What this task involves:
With the pictures removed, the data below must be transcribed in full and exactly.

Supplied material:
====

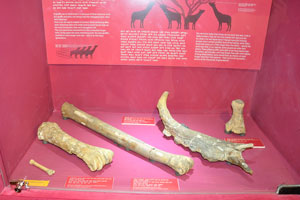 Metatarsal of Sivatherium, an extinct, short-necked giraffe relative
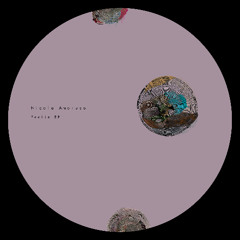 PREMIERE : Nicola Amoruso - Feelin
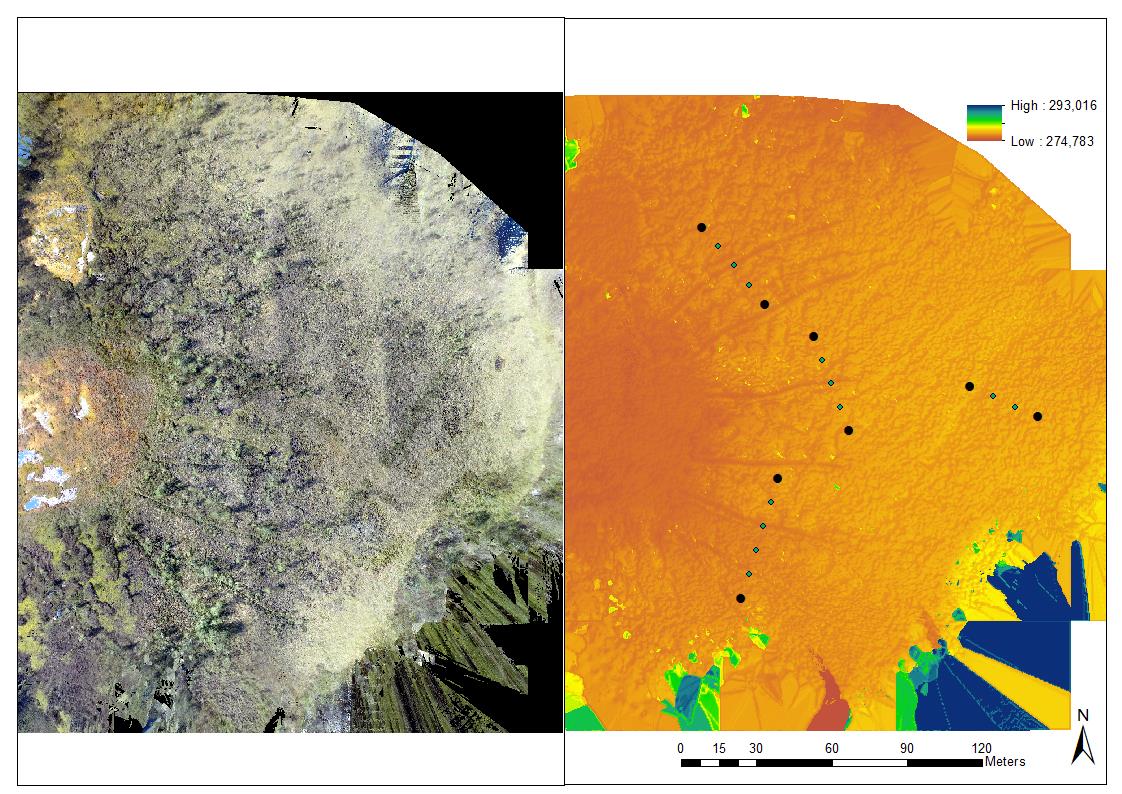 Figur 25. Ortofoto (til venstre) og høydemodell (til høyre) basert på foto fra drone over Midtfjellmosen. De fire transektene er markert i høydemodellen til høyre.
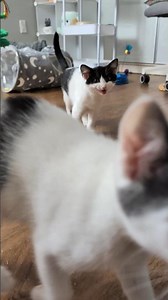 1st adoption viewing day for the #kittens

====

Exercise response:
 Metatarsal of Sivatherium, an extinct, short-necked giraffe relative
 PREMIERE : Nicola Amoruso - Feelin
 Figur 25. Ortofoto (til venstre) og høydemodell (til høyre) basert på foto fra drone over Midtfjellmosen. De fire transektene er markert i høydemodellen til høyre.
 1st adoption viewing day for the #kittens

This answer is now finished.